Of course, I don’t understand why so many users of SBG systems insist on using numbers for their categories in the first place.  I guess that the “grades-are-evil” meme has so taken root in teacher training that teachers can’t envision using letters for their category names, even when their categories correspond very closely to the original uses of the grade letters. Mr. Danielson says

Maybe you think of it this way:
4 Accomplished
3 Proficient
2 Beginning
1 Struggling
0 Missing

which looks to me exactly the same as saying
A Accomplished
B Proficient
C Beginning
D Struggling
F Missing

He then goes on to assign points for each category (A=40, B=34, C=30, D=26, F=0), to get the percentage-based gradebook he is forced to use to report grades the way he wants (he wants to make sure that students make up any missing assessments, and will fail if they don’t).

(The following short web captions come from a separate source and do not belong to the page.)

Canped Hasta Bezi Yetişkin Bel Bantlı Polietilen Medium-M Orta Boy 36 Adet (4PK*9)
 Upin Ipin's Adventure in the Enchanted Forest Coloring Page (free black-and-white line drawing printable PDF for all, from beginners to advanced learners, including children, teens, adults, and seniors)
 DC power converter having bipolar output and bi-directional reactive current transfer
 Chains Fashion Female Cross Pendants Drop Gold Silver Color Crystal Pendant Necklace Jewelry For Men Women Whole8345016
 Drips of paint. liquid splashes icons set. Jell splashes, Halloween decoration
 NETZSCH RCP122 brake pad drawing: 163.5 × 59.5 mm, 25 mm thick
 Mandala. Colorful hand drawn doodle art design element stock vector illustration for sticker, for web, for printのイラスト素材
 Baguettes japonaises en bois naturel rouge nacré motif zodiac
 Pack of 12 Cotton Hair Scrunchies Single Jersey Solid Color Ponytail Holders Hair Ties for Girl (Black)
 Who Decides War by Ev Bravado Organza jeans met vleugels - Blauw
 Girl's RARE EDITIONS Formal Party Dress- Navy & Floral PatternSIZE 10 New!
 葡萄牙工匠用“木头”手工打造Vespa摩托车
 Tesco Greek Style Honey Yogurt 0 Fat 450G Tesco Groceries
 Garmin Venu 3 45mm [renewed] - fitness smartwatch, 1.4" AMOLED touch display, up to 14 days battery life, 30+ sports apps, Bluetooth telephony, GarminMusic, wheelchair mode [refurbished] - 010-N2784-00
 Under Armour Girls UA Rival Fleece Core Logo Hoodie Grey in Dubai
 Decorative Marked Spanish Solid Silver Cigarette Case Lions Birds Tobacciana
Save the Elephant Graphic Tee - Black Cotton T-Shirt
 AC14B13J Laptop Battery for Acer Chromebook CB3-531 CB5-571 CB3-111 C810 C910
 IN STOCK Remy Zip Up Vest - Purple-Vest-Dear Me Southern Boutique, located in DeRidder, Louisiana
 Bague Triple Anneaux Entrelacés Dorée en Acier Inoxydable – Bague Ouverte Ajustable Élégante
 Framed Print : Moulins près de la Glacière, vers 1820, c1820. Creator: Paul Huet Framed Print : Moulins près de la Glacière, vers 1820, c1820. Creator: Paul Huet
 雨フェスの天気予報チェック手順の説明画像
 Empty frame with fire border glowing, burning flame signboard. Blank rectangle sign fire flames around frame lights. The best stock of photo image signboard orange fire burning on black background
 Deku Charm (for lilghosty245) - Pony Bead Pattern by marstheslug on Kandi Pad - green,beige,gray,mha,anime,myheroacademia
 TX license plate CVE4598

I rarely give tests these days, since the skills I’m interested in assessing are ones that take time to display (being able to write and revise detailed papers or to design and code moderately complicated programs).  When I do assess students, I end up using letter grades, which have meanings more like the standards-based grading categories than percentages.  When I need to average, I see no problem with assigning A+=4.3, A=4.0, A-=3.7, B+=3.3, … and averaging those values.  But I teach at a university, where the individual faculty have full control over the grades.  (If a student feels a grade has been unfairly given, the most anyone other than the original faculty member can do is change the course to a pass/fail or remove the course from the record—only the person who issued the grade can change it.)

The problem that I see is not with the SBG categories nor with assigning points to get the desired outcome, but with the notion of fixed meanings for percentages.  I have never understood why so many educators insist that all assessments (homework, tests, quizzes, exams, … ) must be designed so that 90% right is an A, 80–90% is a B, 70–80% is a C, and 60–70% is a D.

From an information-theoretic standpoint, such an assessment provides much less information than one in which the scores are uniformly distributed over 0–100%.  In fact, a test in which almost all students get 50% or more could be half as long (eliminating the easiest questions) with almost no loss of information. Or, if the test were kept the same length, it could be made less sensitive to random measurement error, by testing the material more thoroughly. The standardized tests like the SAT, ACT, and AP exams are not designed so that everyone gets at least 50% right—every question is written so that some fraction of the test takers get it wrong.

Item-response theory, one of the standard methods for designing tests, suggests that the probability of a student getting a question right follows a sigmoidal function of the student’s ability being measured, and that each question can be characterized by the difficulty of the question (the student ability level which leads to a 50% probability of getting the question right) and the slope of the probability function at that point.  A test consists of a mixture of questions with different characteristics.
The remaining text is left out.